Task instructions:
Repeat the data that follows in full. Do not include the pictures.

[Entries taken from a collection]

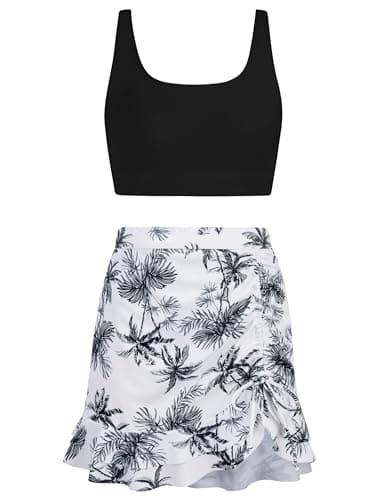 DAXIANG Teens Girls Two Piece Swimsuit Modest Ruffle Skirt Bathing Suit Adjustable Straps Tankini Set Removable Padded Black Size 14 - Thumbnail 4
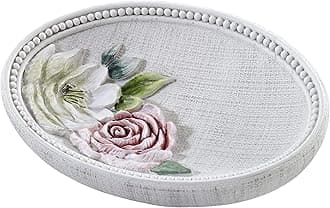 Avanti Linens - Soap Dish, Resin Countertop Accessories, Floral Home Decor (Spring Garden Collection)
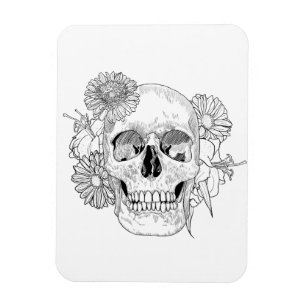 Inspired Skull And Flowers Magnet
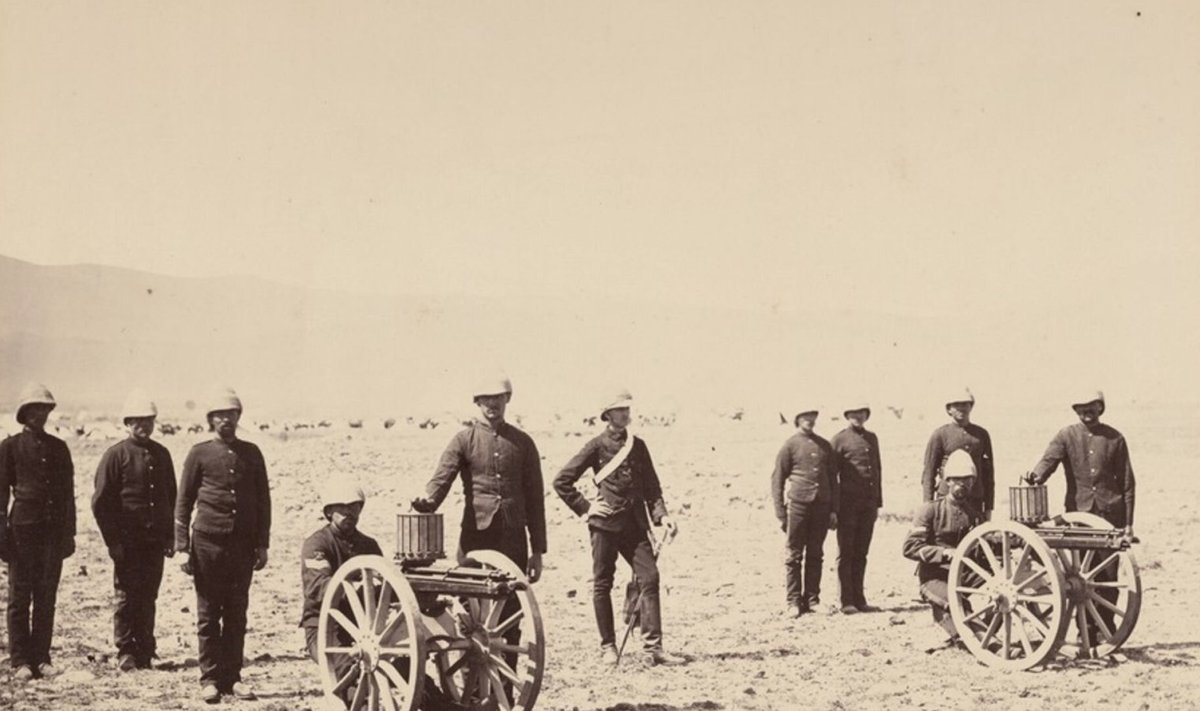 Briti sõdurid Gatlingi kuulipildujatega 1879. aastal Afganistanis (foto: Wikimedia Commons)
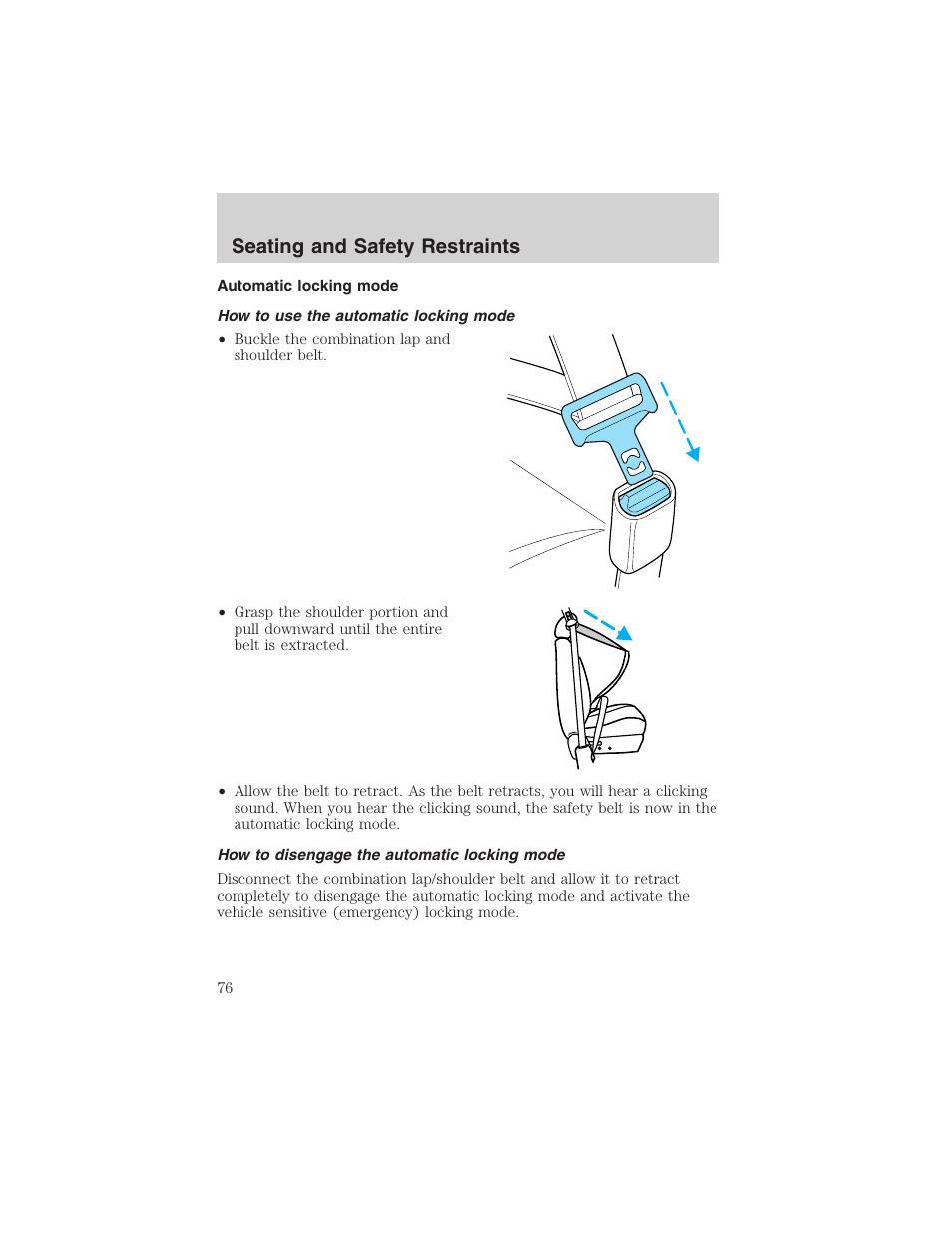 Seating and safety restraints | FORD 2002 Explorer Sport Trac User Manual | Page 76 / 200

Answer box:
 DAXIANG Teens Girls Two Piece Swimsuit Modest Ruffle Skirt Bathing Suit Adjustable Straps Tankini Set Removable Padded Black Size 14 - Thumbnail 4
 Avanti Linens - Soap Dish, Resin Countertop Accessories, Floral Home Decor (Spring Garden Collection)
 Inspired Skull And Flowers Magnet
 Briti sõdurid Gatlingi kuulipildujatega 1879. aastal Afganistanis (foto: Wikimedia Commons)
 Seating and safety restraints | FORD 2002 Explorer Sport Trac User Manual | Page 76 / 200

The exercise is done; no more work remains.